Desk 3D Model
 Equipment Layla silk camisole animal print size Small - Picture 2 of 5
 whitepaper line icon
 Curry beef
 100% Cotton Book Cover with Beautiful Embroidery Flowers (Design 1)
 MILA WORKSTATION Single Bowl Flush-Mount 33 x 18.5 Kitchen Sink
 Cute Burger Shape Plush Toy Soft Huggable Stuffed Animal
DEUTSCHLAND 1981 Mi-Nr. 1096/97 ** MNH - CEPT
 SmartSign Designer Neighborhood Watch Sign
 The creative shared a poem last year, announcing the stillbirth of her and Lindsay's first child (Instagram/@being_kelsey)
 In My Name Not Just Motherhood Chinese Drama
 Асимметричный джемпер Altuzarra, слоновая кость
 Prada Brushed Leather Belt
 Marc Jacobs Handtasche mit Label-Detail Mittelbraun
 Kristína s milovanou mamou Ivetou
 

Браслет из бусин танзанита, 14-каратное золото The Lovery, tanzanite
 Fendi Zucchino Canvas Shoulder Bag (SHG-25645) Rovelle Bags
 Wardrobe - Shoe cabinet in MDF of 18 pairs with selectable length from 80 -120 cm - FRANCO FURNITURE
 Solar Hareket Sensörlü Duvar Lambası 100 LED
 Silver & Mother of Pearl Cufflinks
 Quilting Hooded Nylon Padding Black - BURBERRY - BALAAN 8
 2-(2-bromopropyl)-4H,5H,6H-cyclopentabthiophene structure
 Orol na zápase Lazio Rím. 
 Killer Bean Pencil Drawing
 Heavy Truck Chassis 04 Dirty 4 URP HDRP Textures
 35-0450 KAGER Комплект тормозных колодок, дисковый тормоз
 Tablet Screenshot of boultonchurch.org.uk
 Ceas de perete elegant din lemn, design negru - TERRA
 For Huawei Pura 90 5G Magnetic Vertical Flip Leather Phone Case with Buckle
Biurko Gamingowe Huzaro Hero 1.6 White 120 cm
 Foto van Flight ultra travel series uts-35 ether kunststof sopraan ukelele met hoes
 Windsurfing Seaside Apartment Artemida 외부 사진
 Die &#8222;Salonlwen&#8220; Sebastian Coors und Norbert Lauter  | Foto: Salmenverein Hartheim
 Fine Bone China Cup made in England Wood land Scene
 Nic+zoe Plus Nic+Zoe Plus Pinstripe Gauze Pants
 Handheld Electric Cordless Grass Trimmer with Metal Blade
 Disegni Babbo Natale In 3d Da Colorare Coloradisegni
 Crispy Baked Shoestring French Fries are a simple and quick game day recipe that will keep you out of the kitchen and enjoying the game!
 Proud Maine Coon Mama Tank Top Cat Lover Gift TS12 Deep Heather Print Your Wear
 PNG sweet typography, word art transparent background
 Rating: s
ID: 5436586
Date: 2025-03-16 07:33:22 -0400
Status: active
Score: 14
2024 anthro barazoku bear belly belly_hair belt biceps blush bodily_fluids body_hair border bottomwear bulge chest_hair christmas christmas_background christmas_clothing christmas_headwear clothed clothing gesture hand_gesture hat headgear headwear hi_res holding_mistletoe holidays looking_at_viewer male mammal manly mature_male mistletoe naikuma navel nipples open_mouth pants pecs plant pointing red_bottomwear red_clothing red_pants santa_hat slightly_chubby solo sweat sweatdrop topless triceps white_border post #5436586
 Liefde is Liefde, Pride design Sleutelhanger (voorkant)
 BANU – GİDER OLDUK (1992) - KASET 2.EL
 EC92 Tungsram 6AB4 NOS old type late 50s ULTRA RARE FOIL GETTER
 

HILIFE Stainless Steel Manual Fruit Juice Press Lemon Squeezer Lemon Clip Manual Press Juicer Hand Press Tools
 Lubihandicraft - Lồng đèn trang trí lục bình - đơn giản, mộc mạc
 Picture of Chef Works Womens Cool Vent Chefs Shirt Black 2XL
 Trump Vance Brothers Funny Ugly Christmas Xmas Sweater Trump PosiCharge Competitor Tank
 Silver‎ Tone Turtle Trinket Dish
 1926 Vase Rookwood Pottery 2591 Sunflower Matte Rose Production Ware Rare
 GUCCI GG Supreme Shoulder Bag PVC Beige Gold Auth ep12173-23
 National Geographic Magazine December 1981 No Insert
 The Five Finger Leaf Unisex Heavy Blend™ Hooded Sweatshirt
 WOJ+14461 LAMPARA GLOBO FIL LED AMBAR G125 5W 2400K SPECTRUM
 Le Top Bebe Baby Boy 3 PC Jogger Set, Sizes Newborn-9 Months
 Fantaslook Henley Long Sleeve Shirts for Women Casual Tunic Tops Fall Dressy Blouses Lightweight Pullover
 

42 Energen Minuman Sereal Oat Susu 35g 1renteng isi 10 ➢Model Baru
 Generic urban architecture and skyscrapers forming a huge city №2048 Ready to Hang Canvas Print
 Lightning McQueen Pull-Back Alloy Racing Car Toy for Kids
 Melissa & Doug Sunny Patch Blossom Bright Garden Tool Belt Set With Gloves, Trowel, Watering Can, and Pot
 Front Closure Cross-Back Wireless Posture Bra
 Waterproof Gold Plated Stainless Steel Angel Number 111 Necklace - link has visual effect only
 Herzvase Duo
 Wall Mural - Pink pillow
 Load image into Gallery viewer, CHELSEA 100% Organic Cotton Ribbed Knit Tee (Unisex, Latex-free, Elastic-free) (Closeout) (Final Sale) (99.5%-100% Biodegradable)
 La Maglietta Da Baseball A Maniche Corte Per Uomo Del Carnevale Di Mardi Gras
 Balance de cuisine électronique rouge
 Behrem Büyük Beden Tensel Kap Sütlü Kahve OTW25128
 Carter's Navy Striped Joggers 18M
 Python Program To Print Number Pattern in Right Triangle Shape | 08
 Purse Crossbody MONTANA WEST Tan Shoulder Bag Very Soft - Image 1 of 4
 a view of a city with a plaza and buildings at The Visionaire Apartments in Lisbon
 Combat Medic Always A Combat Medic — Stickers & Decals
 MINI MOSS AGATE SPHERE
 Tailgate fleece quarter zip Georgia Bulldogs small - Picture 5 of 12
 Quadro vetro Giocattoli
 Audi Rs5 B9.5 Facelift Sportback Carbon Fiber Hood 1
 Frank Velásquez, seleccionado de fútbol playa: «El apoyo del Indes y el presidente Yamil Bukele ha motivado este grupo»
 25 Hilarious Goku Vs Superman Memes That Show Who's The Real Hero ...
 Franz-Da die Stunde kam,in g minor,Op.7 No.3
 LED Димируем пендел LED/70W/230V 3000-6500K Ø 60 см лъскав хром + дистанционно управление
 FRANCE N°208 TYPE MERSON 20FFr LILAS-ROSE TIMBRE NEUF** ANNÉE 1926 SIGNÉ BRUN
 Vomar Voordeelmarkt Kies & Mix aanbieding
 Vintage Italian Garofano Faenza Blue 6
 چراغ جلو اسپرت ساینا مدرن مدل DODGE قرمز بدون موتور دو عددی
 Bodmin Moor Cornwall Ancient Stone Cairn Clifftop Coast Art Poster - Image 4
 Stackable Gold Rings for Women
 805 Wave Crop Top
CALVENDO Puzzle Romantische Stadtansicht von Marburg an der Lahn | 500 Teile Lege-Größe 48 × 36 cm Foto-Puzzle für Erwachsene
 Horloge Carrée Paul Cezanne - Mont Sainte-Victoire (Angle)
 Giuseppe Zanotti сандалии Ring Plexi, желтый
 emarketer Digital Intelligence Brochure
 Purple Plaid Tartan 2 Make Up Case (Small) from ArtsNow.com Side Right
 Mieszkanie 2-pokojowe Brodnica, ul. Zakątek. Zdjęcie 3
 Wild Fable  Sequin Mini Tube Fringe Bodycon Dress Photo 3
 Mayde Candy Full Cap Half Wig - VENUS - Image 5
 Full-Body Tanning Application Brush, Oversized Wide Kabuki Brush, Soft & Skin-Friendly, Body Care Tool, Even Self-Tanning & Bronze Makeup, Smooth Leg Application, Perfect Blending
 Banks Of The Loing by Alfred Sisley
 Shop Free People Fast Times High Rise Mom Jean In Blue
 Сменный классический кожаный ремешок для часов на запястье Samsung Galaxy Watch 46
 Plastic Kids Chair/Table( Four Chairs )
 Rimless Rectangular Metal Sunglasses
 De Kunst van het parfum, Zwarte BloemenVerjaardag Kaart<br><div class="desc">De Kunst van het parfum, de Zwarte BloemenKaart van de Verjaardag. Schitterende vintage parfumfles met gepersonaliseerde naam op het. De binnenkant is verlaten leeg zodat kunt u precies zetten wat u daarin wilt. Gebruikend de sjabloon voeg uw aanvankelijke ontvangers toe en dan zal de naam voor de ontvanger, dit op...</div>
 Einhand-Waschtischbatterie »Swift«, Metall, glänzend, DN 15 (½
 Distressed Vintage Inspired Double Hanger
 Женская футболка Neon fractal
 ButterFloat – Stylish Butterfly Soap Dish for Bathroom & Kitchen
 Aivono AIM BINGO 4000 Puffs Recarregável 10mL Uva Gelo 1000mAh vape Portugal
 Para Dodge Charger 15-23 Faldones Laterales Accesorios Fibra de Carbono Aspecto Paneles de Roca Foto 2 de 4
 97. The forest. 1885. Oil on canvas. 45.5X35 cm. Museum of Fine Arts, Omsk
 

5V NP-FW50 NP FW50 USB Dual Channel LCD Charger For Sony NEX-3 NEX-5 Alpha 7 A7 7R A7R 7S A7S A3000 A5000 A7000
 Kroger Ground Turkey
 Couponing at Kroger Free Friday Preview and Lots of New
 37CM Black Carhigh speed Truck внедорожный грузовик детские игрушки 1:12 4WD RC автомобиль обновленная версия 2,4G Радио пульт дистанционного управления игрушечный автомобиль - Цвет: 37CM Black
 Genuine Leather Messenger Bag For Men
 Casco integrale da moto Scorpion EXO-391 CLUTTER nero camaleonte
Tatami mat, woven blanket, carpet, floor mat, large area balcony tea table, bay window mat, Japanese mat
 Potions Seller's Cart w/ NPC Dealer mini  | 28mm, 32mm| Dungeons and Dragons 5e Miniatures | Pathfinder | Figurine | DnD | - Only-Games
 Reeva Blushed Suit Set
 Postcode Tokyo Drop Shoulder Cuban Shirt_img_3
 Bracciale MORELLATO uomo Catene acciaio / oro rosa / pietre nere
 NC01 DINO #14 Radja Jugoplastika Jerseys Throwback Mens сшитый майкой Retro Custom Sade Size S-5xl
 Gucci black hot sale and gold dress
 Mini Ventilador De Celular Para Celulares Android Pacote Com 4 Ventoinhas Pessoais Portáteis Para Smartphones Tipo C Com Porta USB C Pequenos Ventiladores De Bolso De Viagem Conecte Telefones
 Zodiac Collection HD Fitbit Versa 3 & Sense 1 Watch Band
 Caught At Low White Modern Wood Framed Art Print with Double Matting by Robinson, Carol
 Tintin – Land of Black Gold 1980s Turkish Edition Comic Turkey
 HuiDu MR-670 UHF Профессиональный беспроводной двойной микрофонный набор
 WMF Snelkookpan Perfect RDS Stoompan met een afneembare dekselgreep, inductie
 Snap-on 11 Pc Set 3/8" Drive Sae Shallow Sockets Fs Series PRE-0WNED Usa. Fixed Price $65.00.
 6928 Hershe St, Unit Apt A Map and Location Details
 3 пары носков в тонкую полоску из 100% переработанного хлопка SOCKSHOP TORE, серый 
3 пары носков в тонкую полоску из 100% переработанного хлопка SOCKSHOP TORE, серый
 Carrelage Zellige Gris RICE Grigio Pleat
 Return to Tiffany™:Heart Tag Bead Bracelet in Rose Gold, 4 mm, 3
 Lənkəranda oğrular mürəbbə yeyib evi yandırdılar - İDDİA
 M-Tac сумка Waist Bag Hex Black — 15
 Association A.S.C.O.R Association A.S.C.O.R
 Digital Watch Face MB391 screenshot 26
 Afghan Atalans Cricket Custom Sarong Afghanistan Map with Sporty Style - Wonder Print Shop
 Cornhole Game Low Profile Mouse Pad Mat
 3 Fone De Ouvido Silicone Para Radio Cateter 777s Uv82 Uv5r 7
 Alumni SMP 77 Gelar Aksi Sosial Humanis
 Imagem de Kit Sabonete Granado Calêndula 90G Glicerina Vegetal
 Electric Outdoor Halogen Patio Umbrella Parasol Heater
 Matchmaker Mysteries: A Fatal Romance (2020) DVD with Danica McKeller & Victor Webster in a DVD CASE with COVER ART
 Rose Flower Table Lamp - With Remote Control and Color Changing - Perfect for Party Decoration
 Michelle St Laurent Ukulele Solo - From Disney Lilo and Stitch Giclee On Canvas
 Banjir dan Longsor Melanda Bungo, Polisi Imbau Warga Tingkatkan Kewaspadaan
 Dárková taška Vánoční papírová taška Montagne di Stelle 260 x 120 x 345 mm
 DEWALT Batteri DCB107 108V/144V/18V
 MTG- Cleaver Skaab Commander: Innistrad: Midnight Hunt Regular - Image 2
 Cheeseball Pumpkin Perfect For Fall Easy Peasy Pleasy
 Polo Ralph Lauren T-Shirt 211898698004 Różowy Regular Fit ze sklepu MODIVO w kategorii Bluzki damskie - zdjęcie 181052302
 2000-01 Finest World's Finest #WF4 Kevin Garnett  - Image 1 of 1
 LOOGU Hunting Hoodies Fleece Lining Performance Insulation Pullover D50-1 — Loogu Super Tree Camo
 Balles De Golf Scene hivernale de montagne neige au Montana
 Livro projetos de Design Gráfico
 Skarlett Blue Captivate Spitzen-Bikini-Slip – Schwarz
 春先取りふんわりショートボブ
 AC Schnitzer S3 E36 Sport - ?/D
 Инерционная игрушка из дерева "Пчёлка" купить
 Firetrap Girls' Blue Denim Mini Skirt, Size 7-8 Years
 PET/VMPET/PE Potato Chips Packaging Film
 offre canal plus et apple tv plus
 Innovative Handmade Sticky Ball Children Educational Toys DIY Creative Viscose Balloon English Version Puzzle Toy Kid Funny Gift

■ **EXERCISE GOAL**:
When the line with "The creative shared" is reached in the data above, start copying there, and copy each line exactly until the line with "Kristína s milovanou mamou Ivetou" has been copied; copy nothing else.

■ **RESPONSE**:
 The creative shared a poem last year, announcing the stillbirth of her and Lindsay's first child (Instagram/@being_kelsey)
 In My Name Not Just Motherhood Chinese Drama
 Асимметричный джемпер Altuzarra, слоновая кость
 Prada Brushed Leather Belt
 Marc Jacobs Handtasche mit Label-Detail Mittelbraun
 Kristína s milovanou mamou Ivetou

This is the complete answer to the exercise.